Man, some of the classes were CLOSE!


----------



## MacLeod (Aug 16, 2009)

54 competitors in MECA SQ!!!! Thats the most turnout for finals since Ive been competing if Im not mistaken. That is awesome!


----------



## jsketoe (Aug 8, 2008)

yeah IASCA had a big turnout as well...like 70 something


----------



## papasin (Jan 24, 2011)

Mic10is said:


> Master
> Place	Competitor	State	Team	Score
> 1	Ray Rayfield	MS	Linear Power	84.3
> 2	Mark Eldridge	OK	MSE/JL Audio	83.0
> 3	Brian Mitchell	CA	Arc Audio	79.0


Looks like there was a typo when it was first posted and now it's been corrected.

Master
Place	Competitor	State	Team	Score
1	Mark Eldridge	OK	MSE/JL Audio	83.0
2	Brian Mitchell	CA	Arc Audio	79.0
3	Ray Rayfield	MS	Linear Power	76.5


----------



## MacLeod (Aug 16, 2009)

I was about to say.
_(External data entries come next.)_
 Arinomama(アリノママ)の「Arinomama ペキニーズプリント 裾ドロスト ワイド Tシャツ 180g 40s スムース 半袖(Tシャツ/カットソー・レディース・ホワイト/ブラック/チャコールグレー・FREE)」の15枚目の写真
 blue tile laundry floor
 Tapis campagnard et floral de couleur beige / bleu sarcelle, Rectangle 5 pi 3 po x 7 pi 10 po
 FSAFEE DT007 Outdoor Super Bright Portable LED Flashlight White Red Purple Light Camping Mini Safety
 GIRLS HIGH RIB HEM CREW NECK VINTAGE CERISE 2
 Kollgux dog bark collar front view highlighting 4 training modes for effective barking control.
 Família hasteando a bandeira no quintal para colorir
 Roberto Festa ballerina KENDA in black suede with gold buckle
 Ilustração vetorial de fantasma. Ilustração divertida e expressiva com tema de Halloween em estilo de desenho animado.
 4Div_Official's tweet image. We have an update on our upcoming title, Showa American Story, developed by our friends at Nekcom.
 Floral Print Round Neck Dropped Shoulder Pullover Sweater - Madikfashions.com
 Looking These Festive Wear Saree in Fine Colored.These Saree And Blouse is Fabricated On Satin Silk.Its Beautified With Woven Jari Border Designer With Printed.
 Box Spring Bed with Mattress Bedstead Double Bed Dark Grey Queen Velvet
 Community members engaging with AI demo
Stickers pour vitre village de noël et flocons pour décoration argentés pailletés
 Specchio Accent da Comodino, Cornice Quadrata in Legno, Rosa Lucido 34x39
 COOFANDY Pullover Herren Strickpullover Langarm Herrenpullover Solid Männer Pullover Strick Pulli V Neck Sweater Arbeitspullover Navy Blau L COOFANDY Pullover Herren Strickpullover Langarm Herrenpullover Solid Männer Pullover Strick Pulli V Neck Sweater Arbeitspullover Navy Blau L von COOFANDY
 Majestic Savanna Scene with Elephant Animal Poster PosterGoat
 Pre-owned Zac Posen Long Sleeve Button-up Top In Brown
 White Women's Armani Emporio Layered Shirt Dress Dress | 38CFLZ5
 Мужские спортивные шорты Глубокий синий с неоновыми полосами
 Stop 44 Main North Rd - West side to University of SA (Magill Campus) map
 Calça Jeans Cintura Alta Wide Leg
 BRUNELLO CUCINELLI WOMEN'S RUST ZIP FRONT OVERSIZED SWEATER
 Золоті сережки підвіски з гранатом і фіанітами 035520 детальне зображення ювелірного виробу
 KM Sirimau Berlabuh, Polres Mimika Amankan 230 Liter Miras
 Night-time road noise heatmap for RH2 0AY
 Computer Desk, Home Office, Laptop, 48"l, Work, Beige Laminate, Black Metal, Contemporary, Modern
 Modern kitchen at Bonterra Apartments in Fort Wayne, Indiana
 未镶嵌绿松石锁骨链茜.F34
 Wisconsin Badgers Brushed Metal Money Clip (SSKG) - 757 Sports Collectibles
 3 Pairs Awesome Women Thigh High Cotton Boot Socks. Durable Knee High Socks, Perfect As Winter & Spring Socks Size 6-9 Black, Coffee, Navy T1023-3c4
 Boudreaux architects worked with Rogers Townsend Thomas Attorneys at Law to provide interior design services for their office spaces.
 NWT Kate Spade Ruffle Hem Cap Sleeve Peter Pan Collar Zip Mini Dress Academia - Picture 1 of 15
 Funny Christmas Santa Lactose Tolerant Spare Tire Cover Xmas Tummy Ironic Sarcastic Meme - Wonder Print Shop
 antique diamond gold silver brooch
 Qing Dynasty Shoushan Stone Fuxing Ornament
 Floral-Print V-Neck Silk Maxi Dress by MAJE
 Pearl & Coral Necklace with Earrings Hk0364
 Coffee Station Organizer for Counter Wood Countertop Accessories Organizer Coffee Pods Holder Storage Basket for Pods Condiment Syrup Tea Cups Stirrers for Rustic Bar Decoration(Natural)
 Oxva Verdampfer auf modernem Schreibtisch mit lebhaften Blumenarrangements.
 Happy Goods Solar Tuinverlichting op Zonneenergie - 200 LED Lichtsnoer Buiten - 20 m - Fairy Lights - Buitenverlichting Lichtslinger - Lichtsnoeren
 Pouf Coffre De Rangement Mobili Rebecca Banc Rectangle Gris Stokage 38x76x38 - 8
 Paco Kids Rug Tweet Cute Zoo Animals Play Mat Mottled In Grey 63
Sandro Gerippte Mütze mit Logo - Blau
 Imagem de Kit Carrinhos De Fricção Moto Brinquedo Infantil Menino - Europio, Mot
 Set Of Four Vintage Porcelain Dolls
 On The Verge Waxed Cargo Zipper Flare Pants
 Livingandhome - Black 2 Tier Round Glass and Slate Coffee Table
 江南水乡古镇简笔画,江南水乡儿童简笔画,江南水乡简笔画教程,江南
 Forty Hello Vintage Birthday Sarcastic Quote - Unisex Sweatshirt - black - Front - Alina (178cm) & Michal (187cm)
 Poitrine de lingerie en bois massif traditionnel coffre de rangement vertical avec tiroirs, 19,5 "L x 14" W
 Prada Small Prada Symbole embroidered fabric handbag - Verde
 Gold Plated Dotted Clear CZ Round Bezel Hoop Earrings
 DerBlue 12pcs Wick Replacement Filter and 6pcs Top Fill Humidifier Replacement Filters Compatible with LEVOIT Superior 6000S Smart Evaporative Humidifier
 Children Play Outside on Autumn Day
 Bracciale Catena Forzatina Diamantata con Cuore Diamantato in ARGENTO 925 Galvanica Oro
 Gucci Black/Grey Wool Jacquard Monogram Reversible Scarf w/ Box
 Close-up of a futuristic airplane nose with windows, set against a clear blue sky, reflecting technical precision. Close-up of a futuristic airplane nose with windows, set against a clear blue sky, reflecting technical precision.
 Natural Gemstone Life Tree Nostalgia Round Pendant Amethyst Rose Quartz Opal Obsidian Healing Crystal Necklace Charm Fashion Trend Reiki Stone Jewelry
I wouldve thought it would be bigger news if Eldridge ever got beat. LOL


----------



## splaudiohz (Apr 1, 2011)

MacLeod said:


> I was about to say. I wouldve thought it would be bigger news if Eldridge ever got beat. LOL


Eldridge vs. Scott Buwalda - SQ scoring only no install points.... 5 judges 

that would be a fun one...


----------